ただ最近の動画は本当にかなり手が混まれており、どのように撮影するかのHow to動画なども再生数が増加させた。40代のユーザーが増えたことからも、若干違うコンテンツに変わっていくような気配もしている。

そんな転換に一つの意思を持って力をつけてきたのが、Trillerだ。

Trillerの軸は主に2つ。動画編集の簡略化と音楽ベースの動画作成だ。簡略化からまず説明したい。

Trillerにも画像エフェクトなどは存在するが、基本的には動画をいくつか撮影し、シャッフルというボタンを押し、いくつかつなぎ合わせるだけで完成する。非常にシンプルな作りだが、ランダムに画像が切り替わり様子は、ミニMVのように見えなくもない。
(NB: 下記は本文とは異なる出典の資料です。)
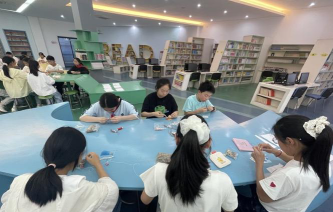 封开县江口镇中心小学三小教学点户外活动场地
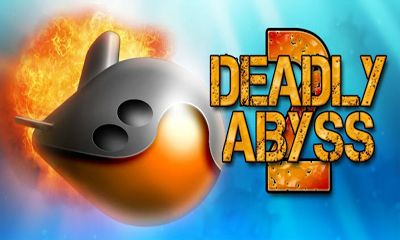 Download Deadly Abyss 2 Android free game. Get full version of Android apk app Deadly Abyss 2 for tablet and phone.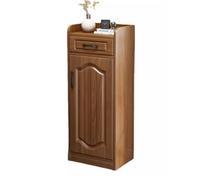 Organizador De Zapatos Zapatero For Puerta Del Hogar, Gabinete De Almacenamiento Vertical Gran Capacidad, Fuera Pasillo, Entrada, Apartamento Pequeño, Estrecho Y Organizador De Zapatos Para Entrada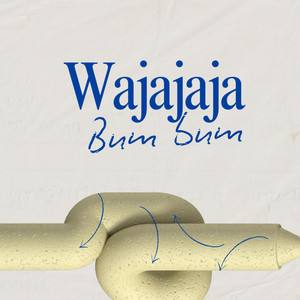 Thisninedjay - Bum Waja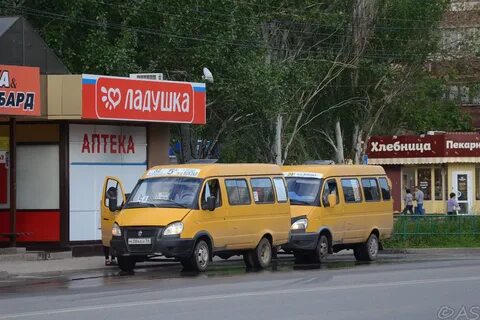 Кн 34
そして音楽ベースの動画作成についてだが、これに関してはTrillerのアーティストへのリスペクトが感じられる。まず動画作成を始めるにあたり一番最初にする行程は、楽曲選びからだ。

ユーザー&クリエイター&アーティストから得るリスペクト

TikTokは楽曲を選ぶ際に、「エモい」や「ポップカルチャー」など、トレンドに合わせて楽曲も提供しているが、Trillerはそれに加え、AfroやElectricなどの音楽ジャンル。ThrowbackやGlobalなどのコンセプトジャンルも豊富に取り揃えている。またApple MusicとSpotifyに対応しており(TikTokはApple Musicのみ)、そちらから簡単にアップロードすることができる。

2018年からユニバーサルミュージックともライセンス契約を結んでおり、楽曲仕様に関しての問題を早くからクリアにしようとしているようだ。
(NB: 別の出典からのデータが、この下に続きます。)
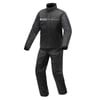 TUCANO URBANO NANO RAIN EXTRA SET HYDROSCUD® YAĞMURLUK SET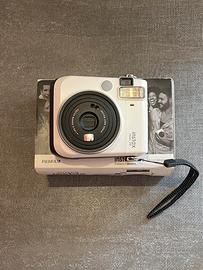 Fujifilm INSTAX Mini 70 Moon Fotocamera Istantanea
Trillerが面白いのは、これまでのSNSが【ユーザーorオフィシャル】だったのを、【ユーザーorクリエイターorアーティスト】という形に変えたことだ。

ユーザーに関してはこれまでSNSと同じ扱いであるが、クリエイターとアーティストにはまた異なるアプローチをしている。まずはクリエイターの例をあげよう。

クリエイターに関しては、教育と組み合わせて力を入れている。Varietyによると、大学進学を実現させるために、積極的なサポート行っていく方向性のようだ。最初に発表されたフランスのライフスタイルインフルエンサーのLea Eluiは、Trillerを通して500万円超を調達することに成功した。大学進学にかかる費用が、フランスでは400万円ほどと言われているので、十分すぎる額だろう。

アーティストに関しては、序盤で話したSnippetとリンクして新たな取り組みが始まっている。2019年下半期に入ると多くのアーティストが、今までインスタのストーリーで行っていたSnippetを、Trillerで一斉に始めたように思う。おそらくTrillerからのアプローチだと思われるが、ほとんどお金をかけることなく簡単なMVをバズらせることができることを可能にした。アーティストはその動画をインスタやツイッターにそのまま流すだけで勝手に認知される。シンプルにTrillerの認知度向上とユーザー数増加もあり、双方にメリットがあった。

Trillerで動画がバズる理由には、その後のプッシュアップがあるのも一つである。Trendingという欄には、Snippetされた楽曲のハッシュタグが早々に作られる。下の画像はLil Babyの「Woah」がTrillerから先行で出された時のものである。クリックすると、demo動画が一番最初に出てくると共に、アーティスト(ちなみに今回のはMeek Millが#woahlilbaby に参加している)とクリエイターが参加した動画も上から登場してくる。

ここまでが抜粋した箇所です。